▸ **Assigned task**:
Print the data below exactly, but only the lines from the one containing "No. 8 UConn" down to the one containing "Commodes: kleine Kommode", inclusive.

-- Source data follows --

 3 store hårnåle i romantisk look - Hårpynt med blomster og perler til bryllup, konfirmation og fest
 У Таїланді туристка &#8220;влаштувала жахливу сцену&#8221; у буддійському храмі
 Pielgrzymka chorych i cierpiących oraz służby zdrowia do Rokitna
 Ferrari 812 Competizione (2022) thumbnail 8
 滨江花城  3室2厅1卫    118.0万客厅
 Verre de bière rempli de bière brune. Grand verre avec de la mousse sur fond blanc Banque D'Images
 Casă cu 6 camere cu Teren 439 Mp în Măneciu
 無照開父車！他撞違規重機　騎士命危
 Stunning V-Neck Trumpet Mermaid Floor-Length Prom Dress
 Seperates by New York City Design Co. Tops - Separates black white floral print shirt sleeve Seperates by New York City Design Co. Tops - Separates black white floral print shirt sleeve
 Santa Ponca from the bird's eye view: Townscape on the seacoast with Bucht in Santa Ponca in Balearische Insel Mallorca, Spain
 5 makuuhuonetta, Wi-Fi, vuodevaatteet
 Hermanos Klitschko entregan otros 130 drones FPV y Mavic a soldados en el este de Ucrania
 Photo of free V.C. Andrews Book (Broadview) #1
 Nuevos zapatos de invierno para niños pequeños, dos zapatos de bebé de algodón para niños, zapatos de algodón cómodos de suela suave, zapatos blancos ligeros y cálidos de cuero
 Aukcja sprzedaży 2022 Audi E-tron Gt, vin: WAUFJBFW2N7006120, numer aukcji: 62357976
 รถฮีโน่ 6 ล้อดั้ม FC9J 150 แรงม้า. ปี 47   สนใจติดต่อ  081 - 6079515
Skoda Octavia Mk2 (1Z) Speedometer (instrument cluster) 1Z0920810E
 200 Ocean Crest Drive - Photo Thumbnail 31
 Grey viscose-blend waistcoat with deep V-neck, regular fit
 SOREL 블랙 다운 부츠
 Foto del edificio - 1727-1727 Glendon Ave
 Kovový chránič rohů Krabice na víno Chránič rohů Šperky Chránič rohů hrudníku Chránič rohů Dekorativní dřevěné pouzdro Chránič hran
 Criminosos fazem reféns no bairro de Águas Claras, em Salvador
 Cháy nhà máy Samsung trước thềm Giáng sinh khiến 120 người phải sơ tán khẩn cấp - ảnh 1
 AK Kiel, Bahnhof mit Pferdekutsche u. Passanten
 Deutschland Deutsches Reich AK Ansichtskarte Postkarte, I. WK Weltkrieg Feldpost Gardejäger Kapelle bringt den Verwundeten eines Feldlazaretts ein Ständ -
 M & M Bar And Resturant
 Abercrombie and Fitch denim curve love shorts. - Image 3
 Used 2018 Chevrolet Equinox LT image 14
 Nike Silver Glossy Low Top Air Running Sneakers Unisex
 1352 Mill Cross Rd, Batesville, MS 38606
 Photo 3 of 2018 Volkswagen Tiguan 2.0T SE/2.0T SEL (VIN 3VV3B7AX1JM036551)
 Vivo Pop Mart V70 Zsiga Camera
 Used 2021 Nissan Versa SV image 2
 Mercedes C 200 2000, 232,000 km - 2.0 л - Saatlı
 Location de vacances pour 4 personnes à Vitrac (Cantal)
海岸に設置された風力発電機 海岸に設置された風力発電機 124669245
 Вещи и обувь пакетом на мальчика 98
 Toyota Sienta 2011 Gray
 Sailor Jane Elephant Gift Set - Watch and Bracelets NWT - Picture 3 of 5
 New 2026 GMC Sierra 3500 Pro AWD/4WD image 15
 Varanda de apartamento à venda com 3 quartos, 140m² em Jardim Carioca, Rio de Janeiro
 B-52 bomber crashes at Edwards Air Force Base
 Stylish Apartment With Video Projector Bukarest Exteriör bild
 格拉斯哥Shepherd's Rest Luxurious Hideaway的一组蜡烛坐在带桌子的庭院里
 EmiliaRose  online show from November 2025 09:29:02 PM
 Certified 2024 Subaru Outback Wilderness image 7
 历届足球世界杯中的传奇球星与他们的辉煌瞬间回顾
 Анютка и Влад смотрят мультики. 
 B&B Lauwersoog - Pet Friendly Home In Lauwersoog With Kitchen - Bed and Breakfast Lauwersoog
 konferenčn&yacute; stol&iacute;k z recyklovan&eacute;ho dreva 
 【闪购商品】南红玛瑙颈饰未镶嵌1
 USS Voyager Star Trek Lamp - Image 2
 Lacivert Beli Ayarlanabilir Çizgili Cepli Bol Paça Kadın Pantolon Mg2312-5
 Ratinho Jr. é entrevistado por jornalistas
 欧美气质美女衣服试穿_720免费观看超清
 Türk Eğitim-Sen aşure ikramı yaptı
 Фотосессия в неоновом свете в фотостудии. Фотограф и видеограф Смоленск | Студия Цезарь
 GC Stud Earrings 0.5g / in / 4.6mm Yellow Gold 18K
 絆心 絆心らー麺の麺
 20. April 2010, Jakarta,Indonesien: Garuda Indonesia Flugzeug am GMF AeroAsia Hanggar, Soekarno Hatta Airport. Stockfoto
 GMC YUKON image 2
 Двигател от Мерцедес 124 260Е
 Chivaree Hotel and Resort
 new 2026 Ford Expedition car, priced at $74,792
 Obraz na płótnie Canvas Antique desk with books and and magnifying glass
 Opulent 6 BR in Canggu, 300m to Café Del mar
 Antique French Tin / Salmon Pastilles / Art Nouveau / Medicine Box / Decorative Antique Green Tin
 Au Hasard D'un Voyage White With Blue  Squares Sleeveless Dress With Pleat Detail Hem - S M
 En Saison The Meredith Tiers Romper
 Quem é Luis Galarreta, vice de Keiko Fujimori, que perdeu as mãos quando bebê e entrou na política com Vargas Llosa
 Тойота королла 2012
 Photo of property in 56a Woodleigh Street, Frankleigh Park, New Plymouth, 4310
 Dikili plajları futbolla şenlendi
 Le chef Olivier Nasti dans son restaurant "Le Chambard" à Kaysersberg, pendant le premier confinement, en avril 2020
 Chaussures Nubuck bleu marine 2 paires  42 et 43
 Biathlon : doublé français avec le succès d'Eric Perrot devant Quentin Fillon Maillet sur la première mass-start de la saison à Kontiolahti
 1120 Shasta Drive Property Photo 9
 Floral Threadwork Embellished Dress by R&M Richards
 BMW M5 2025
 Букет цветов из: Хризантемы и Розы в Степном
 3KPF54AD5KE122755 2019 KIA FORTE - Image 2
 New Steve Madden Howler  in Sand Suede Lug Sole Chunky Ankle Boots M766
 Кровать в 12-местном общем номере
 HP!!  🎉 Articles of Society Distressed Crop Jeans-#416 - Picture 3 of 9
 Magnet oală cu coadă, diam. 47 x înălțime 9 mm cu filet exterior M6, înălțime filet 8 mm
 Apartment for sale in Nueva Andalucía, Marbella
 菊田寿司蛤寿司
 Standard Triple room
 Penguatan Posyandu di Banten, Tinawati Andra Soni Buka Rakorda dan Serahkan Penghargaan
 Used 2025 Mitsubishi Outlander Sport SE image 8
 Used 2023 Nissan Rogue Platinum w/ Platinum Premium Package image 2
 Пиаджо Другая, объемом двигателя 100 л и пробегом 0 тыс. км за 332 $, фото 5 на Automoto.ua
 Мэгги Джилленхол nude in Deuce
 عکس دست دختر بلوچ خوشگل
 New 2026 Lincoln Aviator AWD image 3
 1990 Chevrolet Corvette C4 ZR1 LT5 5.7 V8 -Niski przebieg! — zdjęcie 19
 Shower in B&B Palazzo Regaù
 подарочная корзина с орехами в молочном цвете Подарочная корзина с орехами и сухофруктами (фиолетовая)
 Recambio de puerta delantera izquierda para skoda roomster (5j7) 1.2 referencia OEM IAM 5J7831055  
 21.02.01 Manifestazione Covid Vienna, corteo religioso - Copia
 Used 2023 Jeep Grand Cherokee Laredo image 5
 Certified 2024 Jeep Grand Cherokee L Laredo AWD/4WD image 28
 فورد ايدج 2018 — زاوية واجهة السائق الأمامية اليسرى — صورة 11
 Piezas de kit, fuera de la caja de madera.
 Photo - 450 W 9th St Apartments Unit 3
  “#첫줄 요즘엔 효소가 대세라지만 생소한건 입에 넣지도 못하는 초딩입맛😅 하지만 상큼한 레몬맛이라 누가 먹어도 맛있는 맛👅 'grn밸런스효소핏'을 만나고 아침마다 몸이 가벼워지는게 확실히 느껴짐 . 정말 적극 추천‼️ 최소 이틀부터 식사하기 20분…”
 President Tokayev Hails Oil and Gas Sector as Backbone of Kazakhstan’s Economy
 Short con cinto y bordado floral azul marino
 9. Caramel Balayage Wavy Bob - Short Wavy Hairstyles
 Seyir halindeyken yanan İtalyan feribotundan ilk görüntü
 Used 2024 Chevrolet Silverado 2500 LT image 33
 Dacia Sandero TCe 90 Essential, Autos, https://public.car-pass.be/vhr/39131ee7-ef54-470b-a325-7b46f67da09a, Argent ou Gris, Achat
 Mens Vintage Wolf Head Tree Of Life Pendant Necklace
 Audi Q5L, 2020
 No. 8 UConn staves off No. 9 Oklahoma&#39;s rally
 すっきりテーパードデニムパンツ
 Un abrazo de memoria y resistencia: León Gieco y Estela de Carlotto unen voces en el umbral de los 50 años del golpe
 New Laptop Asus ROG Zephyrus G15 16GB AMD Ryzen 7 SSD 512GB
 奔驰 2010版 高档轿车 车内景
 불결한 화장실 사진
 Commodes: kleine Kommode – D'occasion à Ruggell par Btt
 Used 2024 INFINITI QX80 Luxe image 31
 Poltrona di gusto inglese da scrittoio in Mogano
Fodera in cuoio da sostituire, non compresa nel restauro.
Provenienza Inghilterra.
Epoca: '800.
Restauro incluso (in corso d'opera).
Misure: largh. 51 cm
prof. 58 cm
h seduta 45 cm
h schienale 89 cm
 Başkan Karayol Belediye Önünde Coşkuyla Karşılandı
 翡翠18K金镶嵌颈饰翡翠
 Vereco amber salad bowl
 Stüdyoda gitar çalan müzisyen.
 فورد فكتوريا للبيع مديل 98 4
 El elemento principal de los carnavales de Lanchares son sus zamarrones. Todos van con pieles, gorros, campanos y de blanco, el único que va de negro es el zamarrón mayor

-- Source data concluded --

▸ **Reply**:
 No. 8 UConn staves off No. 9 Oklahoma&#39;s rally
 すっきりテーパードデニムパンツ
 Un abrazo de memoria y resistencia: León Gieco y Estela de Carlotto unen voces en el umbral de los 50 años del golpe
 New Laptop Asus ROG Zephyrus G15 16GB AMD Ryzen 7 SSD 512GB
 奔驰 2010版 高档轿车 车内景
 불결한 화장실 사진
 Commodes: kleine Kommode – D'occasion à Ruggell par Btt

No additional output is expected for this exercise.